Web page caption snippets
* * *

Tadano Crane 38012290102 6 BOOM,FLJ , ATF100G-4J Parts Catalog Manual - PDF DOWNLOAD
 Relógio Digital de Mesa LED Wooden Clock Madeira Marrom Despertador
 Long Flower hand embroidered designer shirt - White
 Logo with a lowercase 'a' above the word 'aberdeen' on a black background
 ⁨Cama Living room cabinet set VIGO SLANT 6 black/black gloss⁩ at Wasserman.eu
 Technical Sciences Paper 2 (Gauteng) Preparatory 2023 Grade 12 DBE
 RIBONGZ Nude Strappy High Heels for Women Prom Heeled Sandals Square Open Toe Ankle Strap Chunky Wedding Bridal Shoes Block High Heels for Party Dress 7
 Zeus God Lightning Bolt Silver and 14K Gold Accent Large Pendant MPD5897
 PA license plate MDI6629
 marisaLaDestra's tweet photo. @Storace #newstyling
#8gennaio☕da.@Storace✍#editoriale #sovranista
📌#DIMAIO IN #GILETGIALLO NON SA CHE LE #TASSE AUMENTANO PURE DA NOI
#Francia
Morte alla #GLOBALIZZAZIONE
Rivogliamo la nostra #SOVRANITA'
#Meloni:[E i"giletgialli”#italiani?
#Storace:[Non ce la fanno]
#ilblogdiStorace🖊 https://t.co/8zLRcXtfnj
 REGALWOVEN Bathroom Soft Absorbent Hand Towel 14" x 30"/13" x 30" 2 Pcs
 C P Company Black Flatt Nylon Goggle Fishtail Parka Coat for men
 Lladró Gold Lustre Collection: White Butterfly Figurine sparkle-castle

* * *

TASK BRIEF
Count the lines in the records above that contain the word "Gold", and reply with that number alone.

SOLUTION TO THIS EXERCISE
2